*Activity*
Retype every record that appears below, unchanged.

======== Information provided ========

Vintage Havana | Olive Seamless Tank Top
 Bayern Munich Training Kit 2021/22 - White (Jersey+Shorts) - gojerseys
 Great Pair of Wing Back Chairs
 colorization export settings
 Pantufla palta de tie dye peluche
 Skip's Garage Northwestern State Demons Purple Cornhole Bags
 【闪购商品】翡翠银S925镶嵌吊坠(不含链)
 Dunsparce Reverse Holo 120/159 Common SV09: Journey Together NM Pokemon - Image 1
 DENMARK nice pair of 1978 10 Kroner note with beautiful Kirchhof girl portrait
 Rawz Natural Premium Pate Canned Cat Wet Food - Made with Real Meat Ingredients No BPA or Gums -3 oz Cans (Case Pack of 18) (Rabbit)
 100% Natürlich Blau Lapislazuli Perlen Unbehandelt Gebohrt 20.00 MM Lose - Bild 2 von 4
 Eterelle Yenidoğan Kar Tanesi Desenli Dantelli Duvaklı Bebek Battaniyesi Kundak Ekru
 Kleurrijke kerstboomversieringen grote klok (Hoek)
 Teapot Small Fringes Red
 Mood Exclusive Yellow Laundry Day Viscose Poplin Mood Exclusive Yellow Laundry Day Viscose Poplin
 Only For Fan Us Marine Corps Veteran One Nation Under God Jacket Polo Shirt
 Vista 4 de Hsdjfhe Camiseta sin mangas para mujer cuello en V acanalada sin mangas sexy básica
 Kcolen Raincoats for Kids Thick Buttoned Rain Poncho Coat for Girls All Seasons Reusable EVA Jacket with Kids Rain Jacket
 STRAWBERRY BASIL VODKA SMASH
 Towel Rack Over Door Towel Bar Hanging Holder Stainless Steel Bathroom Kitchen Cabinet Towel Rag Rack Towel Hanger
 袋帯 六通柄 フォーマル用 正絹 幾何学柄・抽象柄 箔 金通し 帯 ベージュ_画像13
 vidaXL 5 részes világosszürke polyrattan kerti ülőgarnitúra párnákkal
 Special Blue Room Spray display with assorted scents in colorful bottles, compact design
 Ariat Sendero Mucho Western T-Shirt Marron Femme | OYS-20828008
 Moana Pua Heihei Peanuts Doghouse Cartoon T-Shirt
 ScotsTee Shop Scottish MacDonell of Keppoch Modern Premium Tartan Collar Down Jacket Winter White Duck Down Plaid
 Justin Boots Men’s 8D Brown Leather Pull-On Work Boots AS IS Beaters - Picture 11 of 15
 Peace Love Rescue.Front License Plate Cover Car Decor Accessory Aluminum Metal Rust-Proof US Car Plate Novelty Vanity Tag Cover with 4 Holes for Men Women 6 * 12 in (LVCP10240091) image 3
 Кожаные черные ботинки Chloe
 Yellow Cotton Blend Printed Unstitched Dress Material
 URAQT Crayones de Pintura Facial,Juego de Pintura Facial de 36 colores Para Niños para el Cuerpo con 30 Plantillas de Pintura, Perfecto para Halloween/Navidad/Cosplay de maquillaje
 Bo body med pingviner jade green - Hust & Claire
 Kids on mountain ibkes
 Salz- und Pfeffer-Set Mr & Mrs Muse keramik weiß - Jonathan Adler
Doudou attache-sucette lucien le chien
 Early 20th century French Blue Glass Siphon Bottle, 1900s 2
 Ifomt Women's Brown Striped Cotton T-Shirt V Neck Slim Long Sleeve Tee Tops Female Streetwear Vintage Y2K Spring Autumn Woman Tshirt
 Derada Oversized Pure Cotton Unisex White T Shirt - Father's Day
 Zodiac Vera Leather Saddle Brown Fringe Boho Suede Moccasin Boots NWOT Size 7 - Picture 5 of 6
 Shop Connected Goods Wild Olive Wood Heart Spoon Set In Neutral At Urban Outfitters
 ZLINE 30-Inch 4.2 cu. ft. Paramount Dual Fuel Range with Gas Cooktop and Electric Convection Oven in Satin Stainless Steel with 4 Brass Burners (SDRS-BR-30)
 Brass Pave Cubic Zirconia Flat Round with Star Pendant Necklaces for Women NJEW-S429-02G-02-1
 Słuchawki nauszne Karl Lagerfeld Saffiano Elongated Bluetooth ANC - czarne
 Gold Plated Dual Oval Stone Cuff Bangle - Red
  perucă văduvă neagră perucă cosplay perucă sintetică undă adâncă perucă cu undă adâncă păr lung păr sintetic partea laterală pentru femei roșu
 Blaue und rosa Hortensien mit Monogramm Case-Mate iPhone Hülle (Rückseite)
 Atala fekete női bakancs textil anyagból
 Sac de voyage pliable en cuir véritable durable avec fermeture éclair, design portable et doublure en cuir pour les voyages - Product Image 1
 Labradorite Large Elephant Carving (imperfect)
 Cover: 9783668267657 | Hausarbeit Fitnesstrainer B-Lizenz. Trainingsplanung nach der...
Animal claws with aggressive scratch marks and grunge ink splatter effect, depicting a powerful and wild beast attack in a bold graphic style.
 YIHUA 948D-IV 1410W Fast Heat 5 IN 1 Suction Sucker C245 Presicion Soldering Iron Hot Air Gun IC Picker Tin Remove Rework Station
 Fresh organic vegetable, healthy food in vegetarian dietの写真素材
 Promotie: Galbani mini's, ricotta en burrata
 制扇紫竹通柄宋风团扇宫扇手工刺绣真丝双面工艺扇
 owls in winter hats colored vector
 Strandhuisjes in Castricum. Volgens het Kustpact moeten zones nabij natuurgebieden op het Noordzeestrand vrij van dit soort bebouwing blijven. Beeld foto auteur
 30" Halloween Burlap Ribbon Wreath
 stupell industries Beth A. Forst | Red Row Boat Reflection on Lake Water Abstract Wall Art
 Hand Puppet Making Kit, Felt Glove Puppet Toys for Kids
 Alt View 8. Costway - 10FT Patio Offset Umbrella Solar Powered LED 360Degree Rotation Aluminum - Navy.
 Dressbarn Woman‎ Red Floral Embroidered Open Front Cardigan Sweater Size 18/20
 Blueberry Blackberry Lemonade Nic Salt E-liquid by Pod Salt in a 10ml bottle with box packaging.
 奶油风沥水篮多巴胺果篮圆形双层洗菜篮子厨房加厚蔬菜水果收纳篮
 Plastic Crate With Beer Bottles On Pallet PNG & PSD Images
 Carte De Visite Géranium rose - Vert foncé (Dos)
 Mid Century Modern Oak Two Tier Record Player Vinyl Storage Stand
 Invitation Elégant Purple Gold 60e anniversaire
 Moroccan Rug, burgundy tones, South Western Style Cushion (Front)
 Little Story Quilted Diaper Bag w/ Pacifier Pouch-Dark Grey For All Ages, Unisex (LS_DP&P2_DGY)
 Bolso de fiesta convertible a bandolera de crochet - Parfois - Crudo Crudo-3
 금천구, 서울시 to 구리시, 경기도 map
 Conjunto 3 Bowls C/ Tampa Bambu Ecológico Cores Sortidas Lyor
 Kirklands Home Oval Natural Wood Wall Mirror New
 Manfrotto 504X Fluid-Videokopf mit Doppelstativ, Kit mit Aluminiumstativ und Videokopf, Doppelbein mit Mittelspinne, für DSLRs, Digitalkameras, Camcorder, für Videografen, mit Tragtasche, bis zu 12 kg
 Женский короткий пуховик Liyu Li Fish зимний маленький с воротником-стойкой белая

========

*Solution*
Vintage Havana | Olive Seamless Tank Top
 Bayern Munich Training Kit 2021/22 - White (Jersey+Shorts) - gojerseys
 Great Pair of Wing Back Chairs
 colorization export settings
 Pantufla palta de tie dye peluche
 Skip's Garage Northwestern State Demons Purple Cornhole Bags
 【闪购商品】翡翠银S925镶嵌吊坠(不含链)
 Dunsparce Reverse Holo 120/159 Common SV09: Journey Together NM Pokemon - Image 1
 DENMARK nice pair of 1978 10 Kroner note with beautiful Kirchhof girl portrait
 Rawz Natural Premium Pate Canned Cat Wet Food - Made with Real Meat Ingredients No BPA or Gums -3 oz Cans (Case Pack of 18) (Rabbit)
 100% Natürlich Blau Lapislazuli Perlen Unbehandelt Gebohrt 20.00 MM Lose - Bild 2 von 4
 Eterelle Yenidoğan Kar Tanesi Desenli Dantelli Duvaklı Bebek Battaniyesi Kundak Ekru
 Kleurrijke kerstboomversieringen grote klok (Hoek)
 Teapot Small Fringes Red
 Mood Exclusive Yellow Laundry Day Viscose Poplin Mood Exclusive Yellow Laundry Day Viscose Poplin
 Only For Fan Us Marine Corps Veteran One Nation Under God Jacket Polo Shirt
 Vista 4 de Hsdjfhe Camiseta sin mangas para mujer cuello en V acanalada sin mangas sexy básica
 Kcolen Raincoats for Kids Thick Buttoned Rain Poncho Coat for Girls All Seasons Reusable EVA Jacket with Kids Rain Jacket
 STRAWBERRY BASIL VODKA SMASH
 Towel Rack Over Door Towel Bar Hanging Holder Stainless Steel Bathroom Kitchen Cabinet Towel Rag Rack Towel Hanger
 袋帯 六通柄 フォーマル用 正絹 幾何学柄・抽象柄 箔 金通し 帯 ベージュ_画像13
 vidaXL 5 részes világosszürke polyrattan kerti ülőgarnitúra párnákkal
 Special Blue Room Spray display with assorted scents in colorful bottles, compact design
 Ariat Sendero Mucho Western T-Shirt Marron Femme | OYS-20828008
 Moana Pua Heihei Peanuts Doghouse Cartoon T-Shirt
 ScotsTee Shop Scottish MacDonell of Keppoch Modern Premium Tartan Collar Down Jacket Winter White Duck Down Plaid
 Justin Boots Men’s 8D Brown Leather Pull-On Work Boots AS IS Beaters - Picture 11 of 15
 Peace Love Rescue.Front License Plate Cover Car Decor Accessory Aluminum Metal Rust-Proof US Car Plate Novelty Vanity Tag Cover with 4 Holes for Men Women 6 * 12 in (LVCP10240091) image 3
 Кожаные черные ботинки Chloe
 Yellow Cotton Blend Printed Unstitched Dress Material
 URAQT Crayones de Pintura Facial,Juego de Pintura Facial de 36 colores Para Niños para el Cuerpo con 30 Plantillas de Pintura, Perfecto para Halloween/Navidad/Cosplay de maquillaje
 Bo body med pingviner jade green - Hust & Claire
 Kids on mountain ibkes
 Salz- und Pfeffer-Set Mr & Mrs Muse keramik weiß - Jonathan Adler
Doudou attache-sucette lucien le chien
 Early 20th century French Blue Glass Siphon Bottle, 1900s 2
 Ifomt Women's Brown Striped Cotton T-Shirt V Neck Slim Long Sleeve Tee Tops Female Streetwear Vintage Y2K Spring Autumn Woman Tshirt
 Derada Oversized Pure Cotton Unisex White T Shirt - Father's Day
 Zodiac Vera Leather Saddle Brown Fringe Boho Suede Moccasin Boots NWOT Size 7 - Picture 5 of 6
 Shop Connected Goods Wild Olive Wood Heart Spoon Set In Neutral At Urban Outfitters
 ZLINE 30-Inch 4.2 cu. ft. Paramount Dual Fuel Range with Gas Cooktop and Electric Convection Oven in Satin Stainless Steel with 4 Brass Burners (SDRS-BR-30)
 Brass Pave Cubic Zirconia Flat Round with Star Pendant Necklaces for Women NJEW-S429-02G-02-1
 Słuchawki nauszne Karl Lagerfeld Saffiano Elongated Bluetooth ANC - czarne
 Gold Plated Dual Oval Stone Cuff Bangle - Red
  perucă văduvă neagră perucă cosplay perucă sintetică undă adâncă perucă cu undă adâncă păr lung păr sintetic partea laterală pentru femei roșu
 Blaue und rosa Hortensien mit Monogramm Case-Mate iPhone Hülle (Rückseite)
 Atala fekete női bakancs textil anyagból
 Sac de voyage pliable en cuir véritable durable avec fermeture éclair, design portable et doublure en cuir pour les voyages - Product Image 1
 Labradorite Large Elephant Carving (imperfect)
 Cover: 9783668267657 | Hausarbeit Fitnesstrainer B-Lizenz. Trainingsplanung nach der...
Animal claws with aggressive scratch marks and grunge ink splatter effect, depicting a powerful and wild beast attack in a bold graphic style.
 YIHUA 948D-IV 1410W Fast Heat 5 IN 1 Suction Sucker C245 Presicion Soldering Iron Hot Air Gun IC Picker Tin Remove Rework Station
 Fresh organic vegetable, healthy food in vegetarian dietの写真素材
 Promotie: Galbani mini's, ricotta en burrata
 制扇紫竹通柄宋风团扇宫扇手工刺绣真丝双面工艺扇
 owls in winter hats colored vector
 Strandhuisjes in Castricum. Volgens het Kustpact moeten zones nabij natuurgebieden op het Noordzeestrand vrij van dit soort bebouwing blijven. Beeld foto auteur
 30" Halloween Burlap Ribbon Wreath
 stupell industries Beth A. Forst | Red Row Boat Reflection on Lake Water Abstract Wall Art
 Hand Puppet Making Kit, Felt Glove Puppet Toys for Kids
 Alt View 8. Costway - 10FT Patio Offset Umbrella Solar Powered LED 360Degree Rotation Aluminum - Navy.
 Dressbarn Woman‎ Red Floral Embroidered Open Front Cardigan Sweater Size 18/20
 Blueberry Blackberry Lemonade Nic Salt E-liquid by Pod Salt in a 10ml bottle with box packaging.
 奶油风沥水篮多巴胺果篮圆形双层洗菜篮子厨房加厚蔬菜水果收纳篮
 Plastic Crate With Beer Bottles On Pallet PNG & PSD Images
 Carte De Visite Géranium rose - Vert foncé (Dos)
 Mid Century Modern Oak Two Tier Record Player Vinyl Storage Stand
 Invitation Elégant Purple Gold 60e anniversaire
 Moroccan Rug, burgundy tones, South Western Style Cushion (Front)
 Little Story Quilted Diaper Bag w/ Pacifier Pouch-Dark Grey For All Ages, Unisex (LS_DP&P2_DGY)
 Bolso de fiesta convertible a bandolera de crochet - Parfois - Crudo Crudo-3
 금천구, 서울시 to 구리시, 경기도 map
 Conjunto 3 Bowls C/ Tampa Bambu Ecológico Cores Sortidas Lyor
 Kirklands Home Oval Natural Wood Wall Mirror New
 Manfrotto 504X Fluid-Videokopf mit Doppelstativ, Kit mit Aluminiumstativ und Videokopf, Doppelbein mit Mittelspinne, für DSLRs, Digitalkameras, Camcorder, für Videografen, mit Tragtasche, bis zu 12 kg
 Женский короткий пуховик Liyu Li Fish зимний маленький с воротником-стойкой белая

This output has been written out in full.